Another moment about beauty ties along with the idea of rarity. My driver’s license lists my eye color as hazel. In Lipa City, my eyes were blue and everyone I met loved to point them out. Blue, beautiful. When I discussed how my eyes weren’t technically blue to a peer along with me on the trip and instead closer to green, a black woman with dark brown eyes who had been receiving questions concerning whether or not she had Filipino descent in her blood, responded about my confusion. “They’re just not brown, like theirs,” she told me. This quote was probably the turning point for me during the trip when I began to emotionally respond to my environment. I was stunned at first and responded with, “Oh.” It was expressed to me in an academic paper concerning why Filipinos seemed to praise Americans. The author writes, “they are not looking to be [American] but rather, they aspire (as many of us do) to be slightly different versions of themselves.” From this I realized that my eyes weren’t special because they were blue—they were special because they were different. It is a similar concept used to express why most of us dislike our appearance—it is something you see every day, so it will get repetitive and boring very quickly but it is not an accurate reflection of yourself.

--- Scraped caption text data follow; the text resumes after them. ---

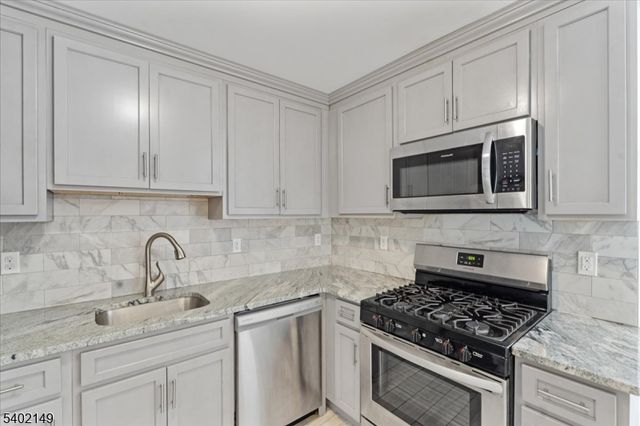 118 Oraton St, Newark City, NJ 07104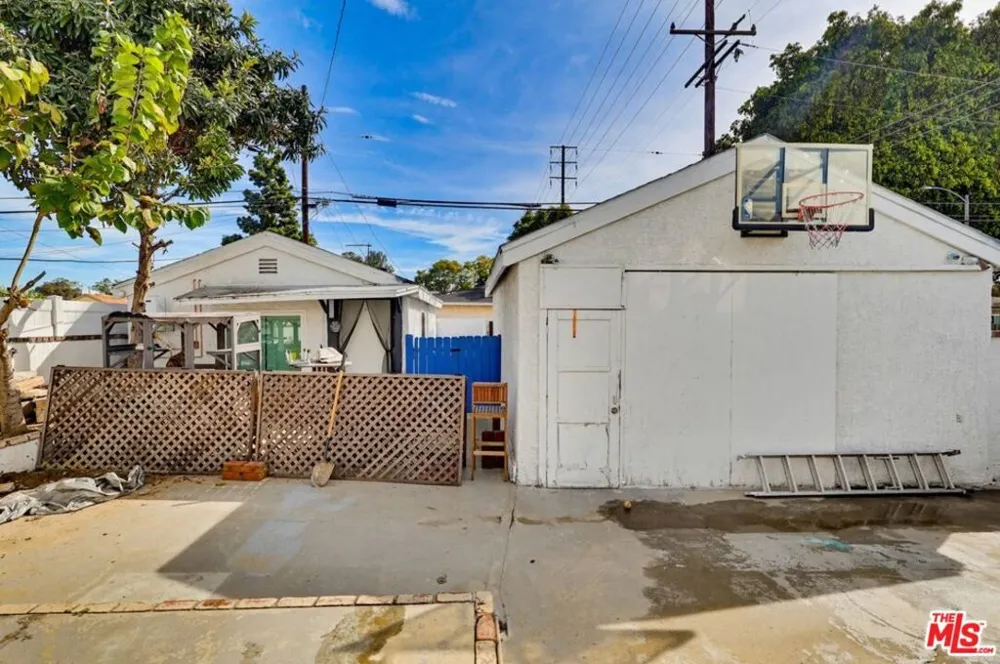 2200 Easy Avenue Long Beach, CA 90810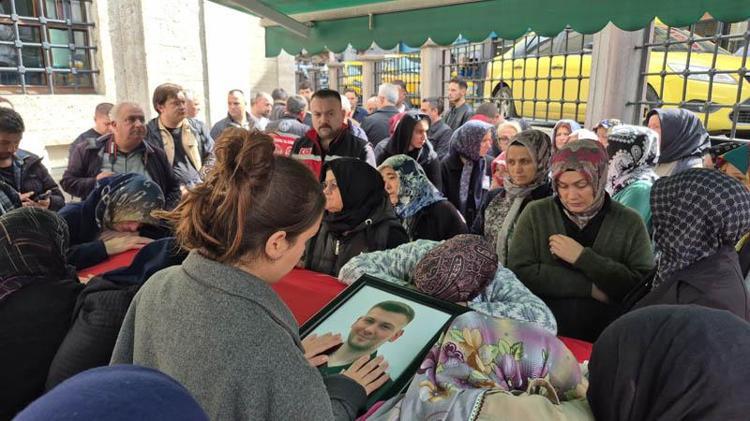 EŞİ GÖZYAŞI DÖKTÜ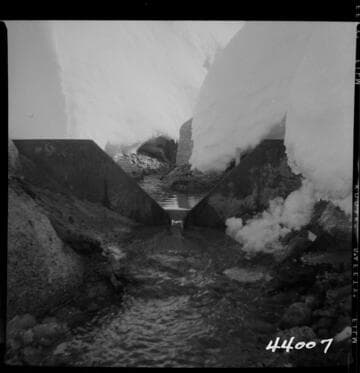 Portal Powerhouse - Weir at downstream toe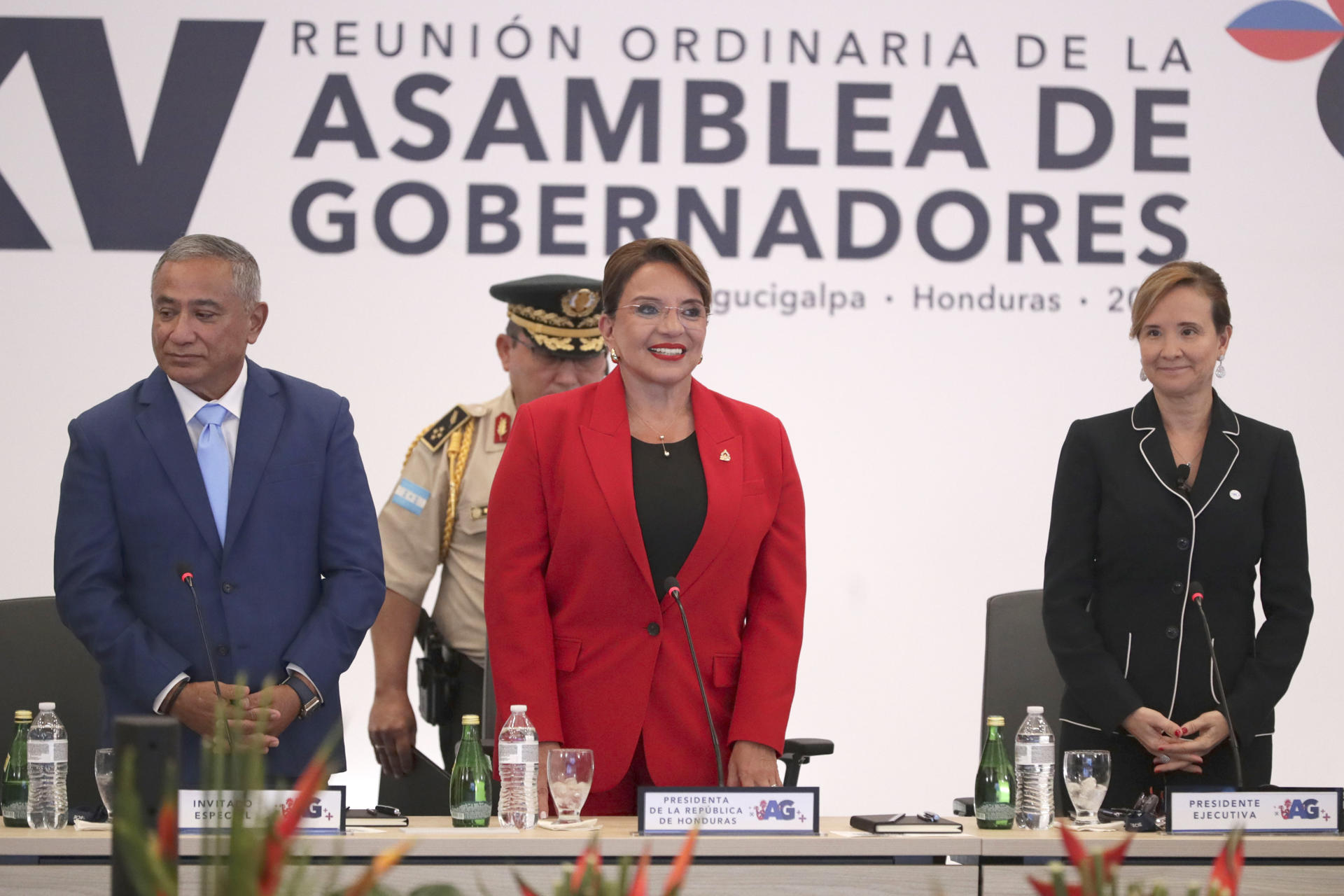 De izquierda a derecha, el primer ministro de Belice, Juan Antonio Briceño, la presidenta de Honduras, Xiomara Castro, la presidenta ejecutiva del Banco Centroamericano de Integración Económica (BCIE) Gisela Sánchez, participan durante la 65ª sesión ordinaria de Gobernadores del BCIE (Banco Centroamericano de Integración Económica) en Tegucigalpa (Honduras). EFE/ Gustavo Amador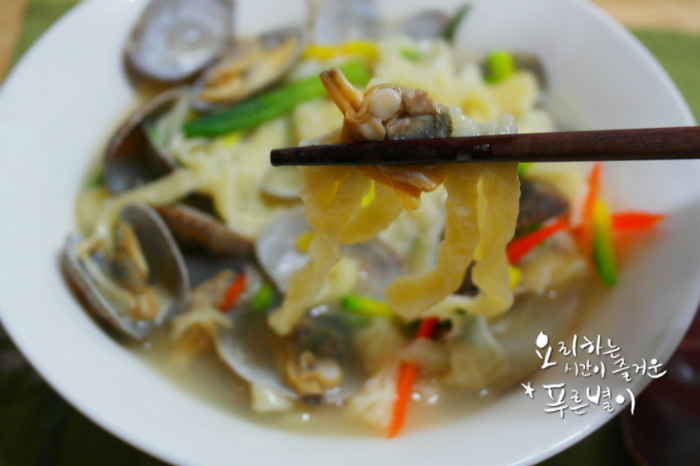 바지락칼국수 이미지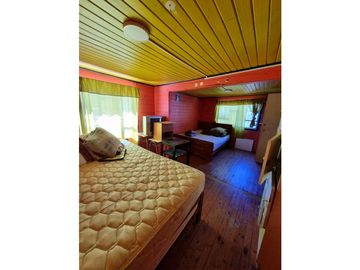 SE VENDE SITIO CON 2 CASAS PARA INVERSION.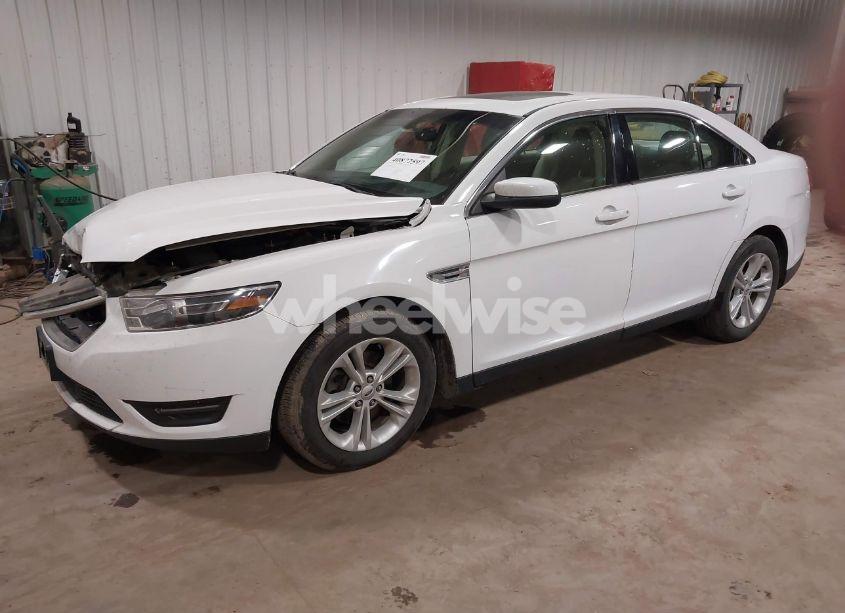 Photo 2 of 2016 Ford Taurus SEL (VIN 1FAHP2H8XGG122764)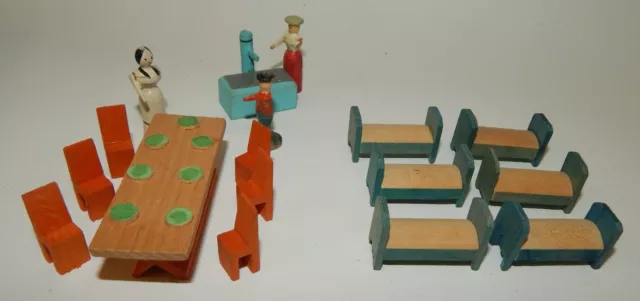 Vintage Erzgebirge Germany Putz Miniature Toy Carved Table Chairs Beds People +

At the end of the trip I pondered about the little boy being taught what beauty is. I wondered, should I have done something different? Could I have done something more significant? By doing nothing was I encouraging the implications that my features are what is beautiful to this toddler? Will he grow up to tell his mother that she’s beautiful? Or will he forever see his own family and his own self as not white, as not American, as not beautiful, as not like me?